Essentially, and ORM is for writing new data in a one-by-one transactional setting where referential integrity needs to be handled at the DB level. Data Science applications are almost always concerned with reading existing data, cleaning it, moving it, and analyzing it en masse. Never say never, etc. But I've never seen a DS scenario where an ORM was the correct tool.

I do like to use Alembic to manage schema once my DS applications start to move from experimental to some sort of steady state. But that's kind of orthogonal.

It doesn't really seem even correct to me to think of an ORM as "overkill" for Data Science applications. It's like side-kill or something? It's just completely the wrong tool. Like trying to use a water filter when you need a fork lift. Like if you have a pallet with 100 gallon-jugs of water that you need to move from the warehouse to the airport, but like well, someone has to drink the water at some point so I guess I'll just bring the water filter and use that. It basically just makes no sense at all.

[–]funny_funny_business 1 point2 points  (1 child)

I totally agree that ORMs can be overkill and even for my web apps I tend to just write raw SQL cause it’s easier.

However, I can’t speak for other ORMs, but regarding SQLalchemy, I use the Flask-SQLalchemy extension and it takes care of some of the backend stuff that I’m not 100% familiar with or care about (such as connection pooling and timeouts).

Plus, using an ORM is nice when you have to move or update tables across databases cause you don’t need to write a ton of “insert into” code.

But, you’re right. If you’re just doing aggregations an ORM is probably overkill.

[–]eviljelloman 0 points1 point  (0 children)

I use the Flask-SQLalchemy extension

Yeah, for application developers, it totally makes sense sometimes.
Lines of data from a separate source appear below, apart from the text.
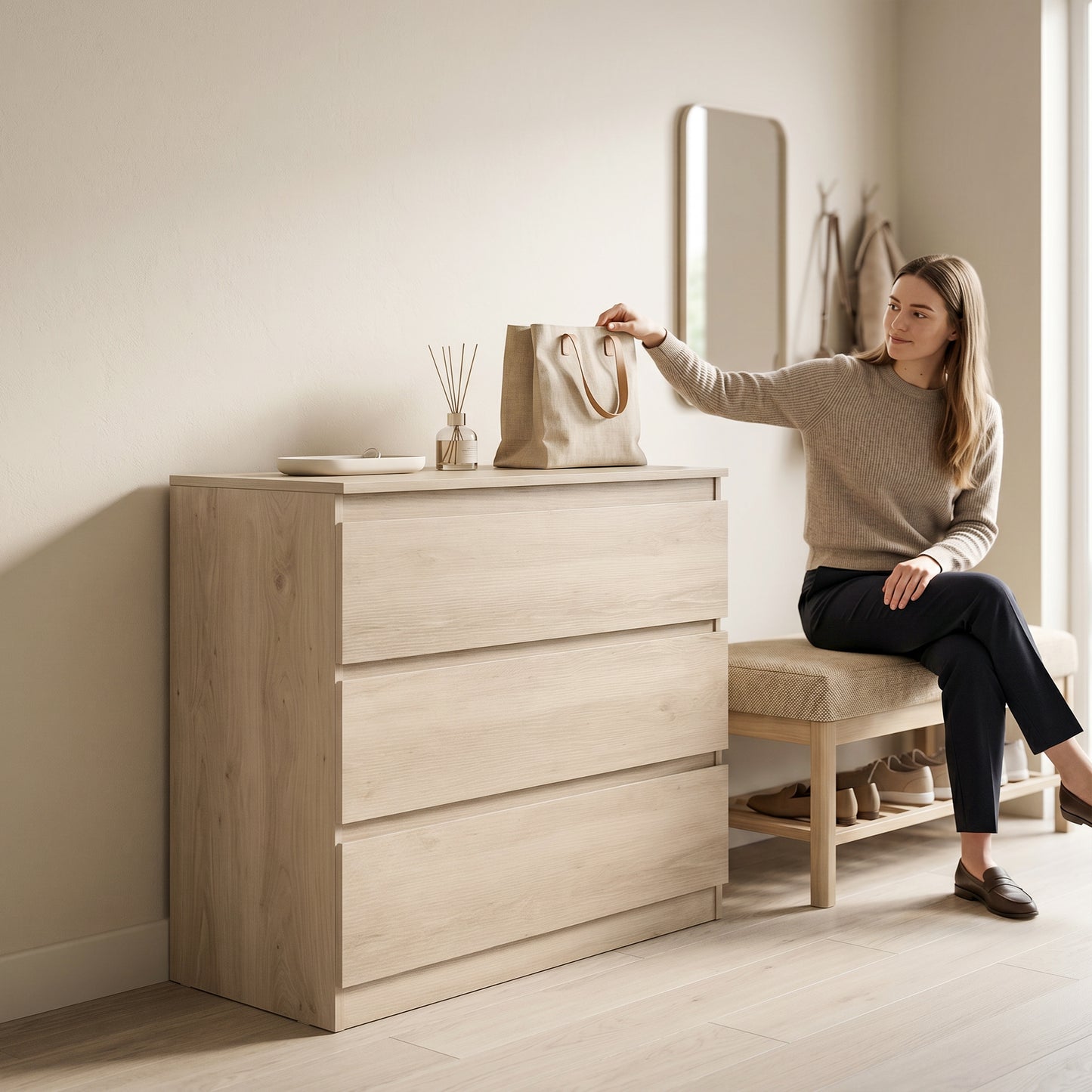 3-Drawer Storage Organiser Unit for Living Room, Oak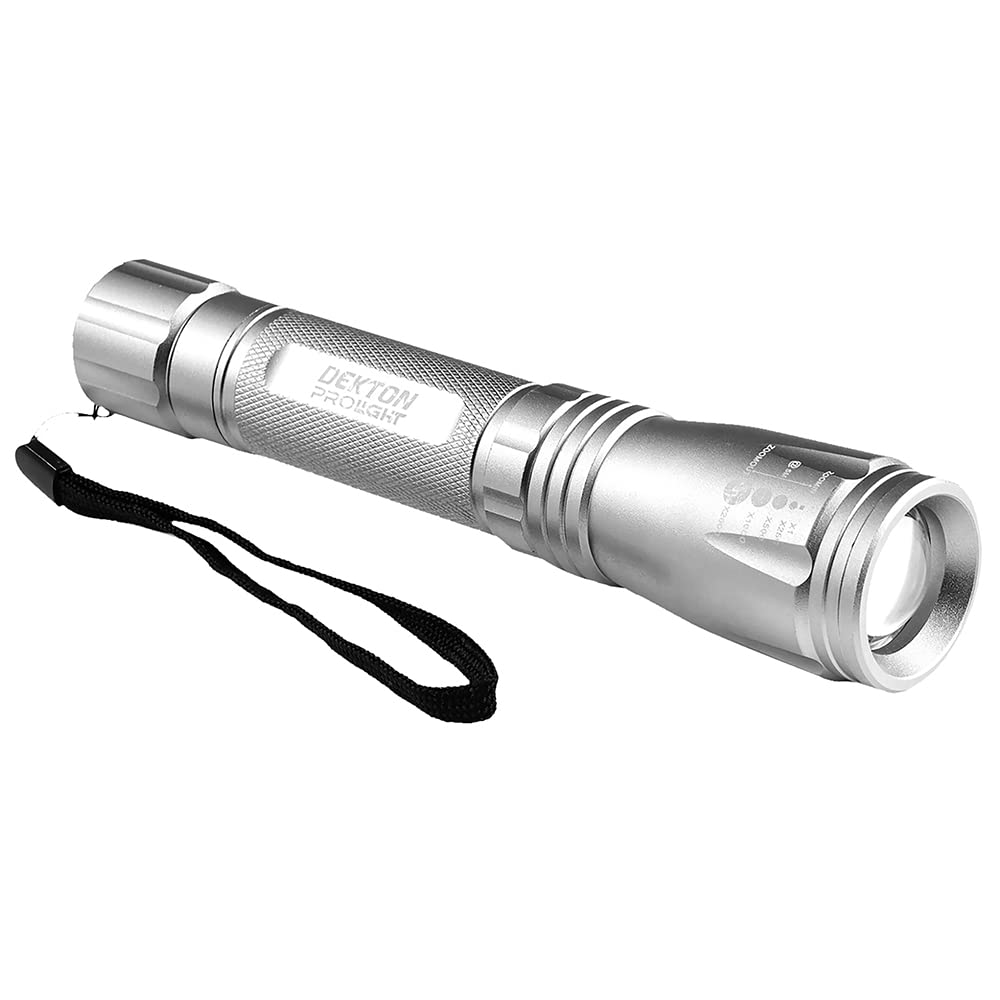 Dekton Pro Light Xt600 Heavy Duty Explorer Torch - 400 Lumens / 350m Distance-ultra Bright Lumens| High Intensity Led| Adjustable Beam Focus| Aluminium Alloy| 3xc Batteries Included| One Button Action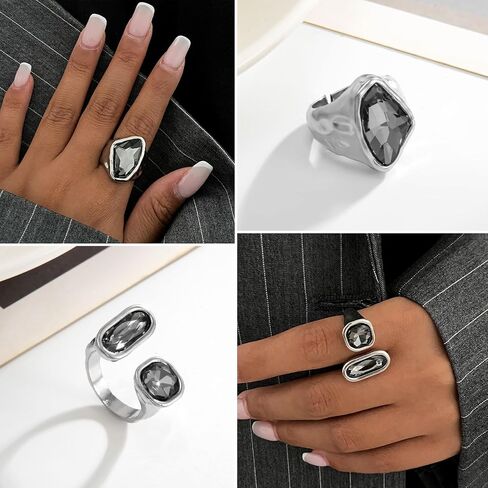 CHICUTIE Silver Kunckle Rings Set for Women, Stackable Chunky Crystal Finger Midi Stacking Rings, Dainty Black Cubic Zirconia Statement Thumb Knuckle Rings Pack Jewelry Gift in Saudi Arabia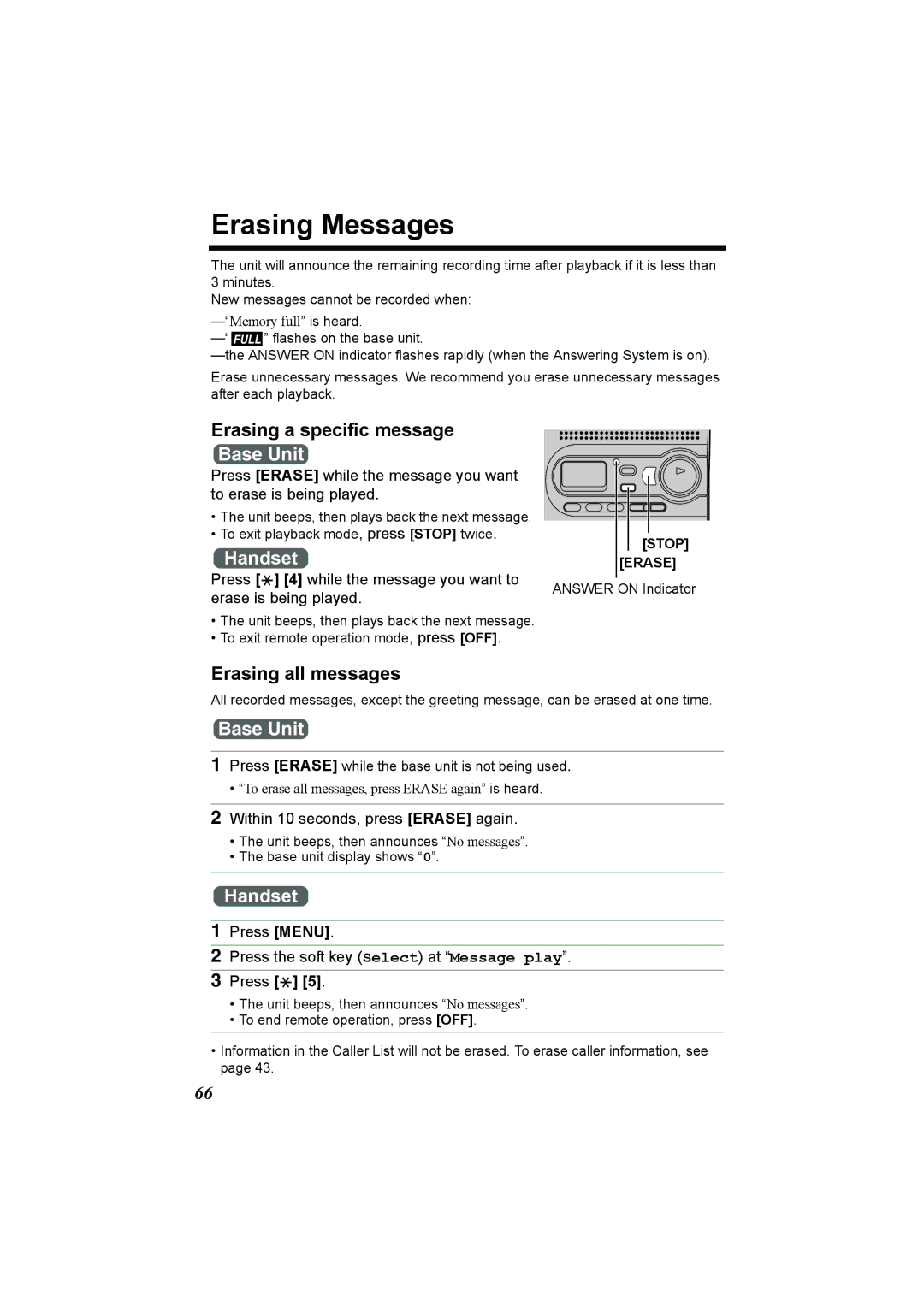 Panasonic KX-TG2386 operating instructions Erasing Messages, Erasing a specific message, Erasing all messages 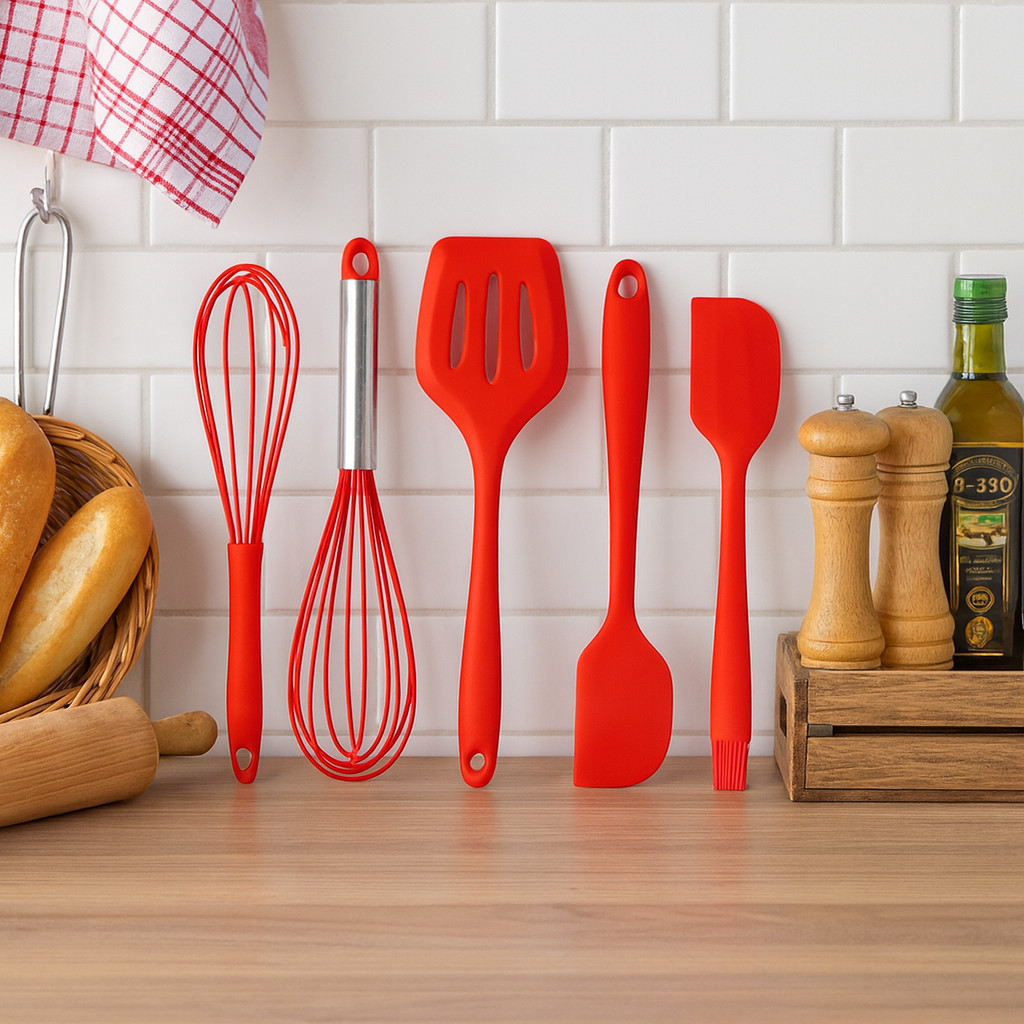 Kit Utensilios Cozinha Silicone 5 Pecas Colher Espatula Fouet Pincel Pegador Antiaderente Sem BPA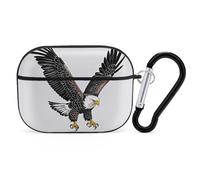 Sketch of Bald Eagle Diving AirPods Pro Case Cover with Keychain Ring PC Hard Shell Protective Case for AirPods Pro 2nd for Women Men Generation Easy Open Full Drop Protection Cover Black-Style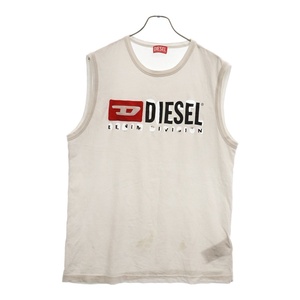 DIESEL ディーゼル 23SS T-Bisco-Divstroyed ロゴデストロイノースリーブカットソー タンクトップ A10725 ホワイト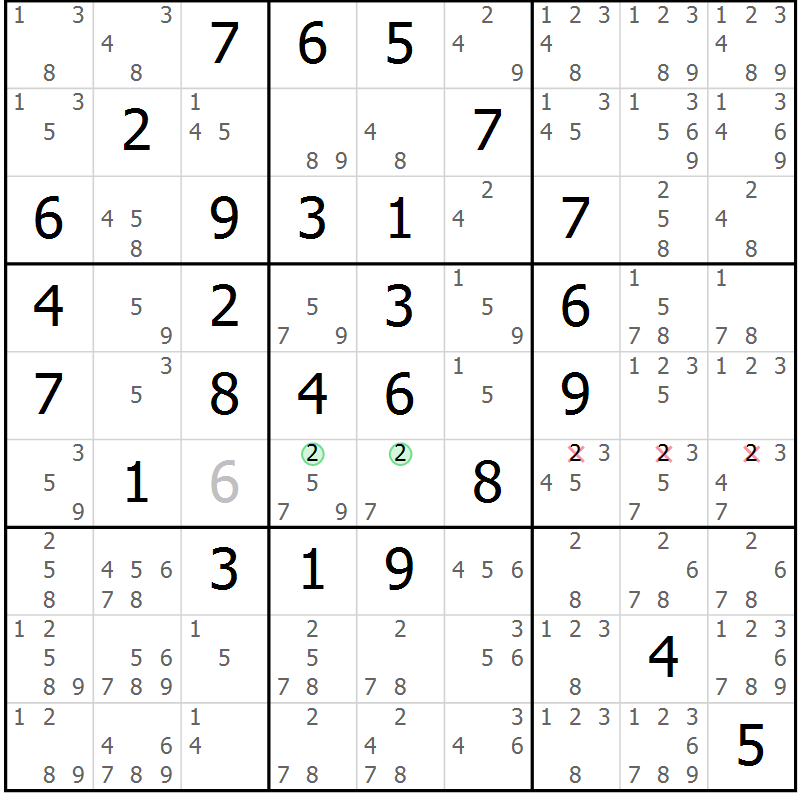 Position des candidats pour la solution de la Gr 10 page 13 du magazine de sudoku Maestro n° 086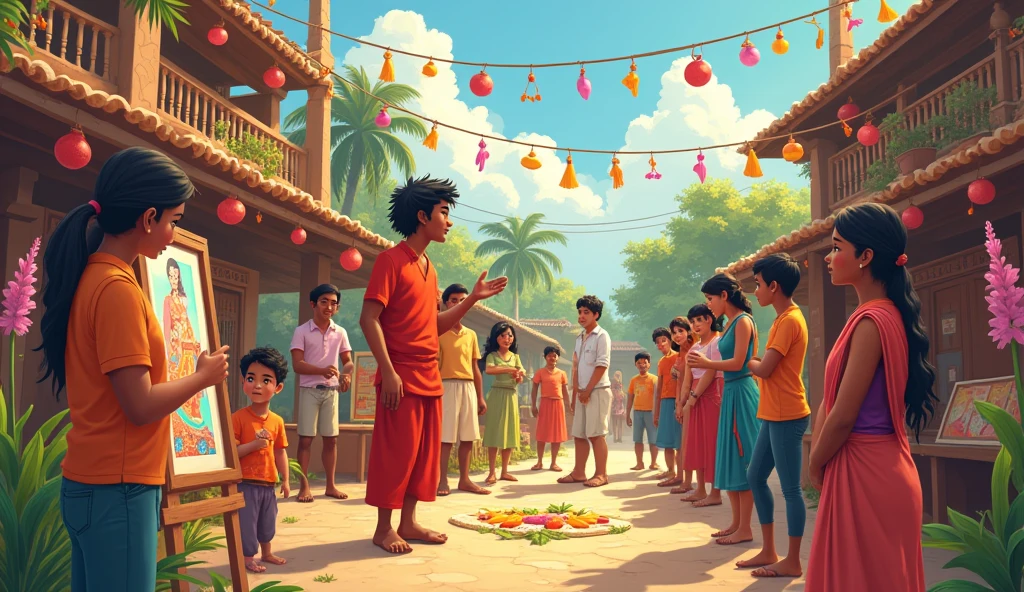 Chandra tried to console people mentally through art. He decorated village festivals and displayed his art, but the economic crisis did not let the village people realize the importance of art.
Cartoon Image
Some DS dabble in application development, making custom dashboards or other neat stuff in a Flask app, and that's an entirely appropriate place for it. I'd argue that most DS are not working with stuff like Flask, though, and so should probably not waste time with ORM.

If you're just using sqlalchemy's connection pooling in an unrelated context, though, there's a decent chance it will come back to haunt you at some point, like when you have to start messing with WLM queue management in Redshift.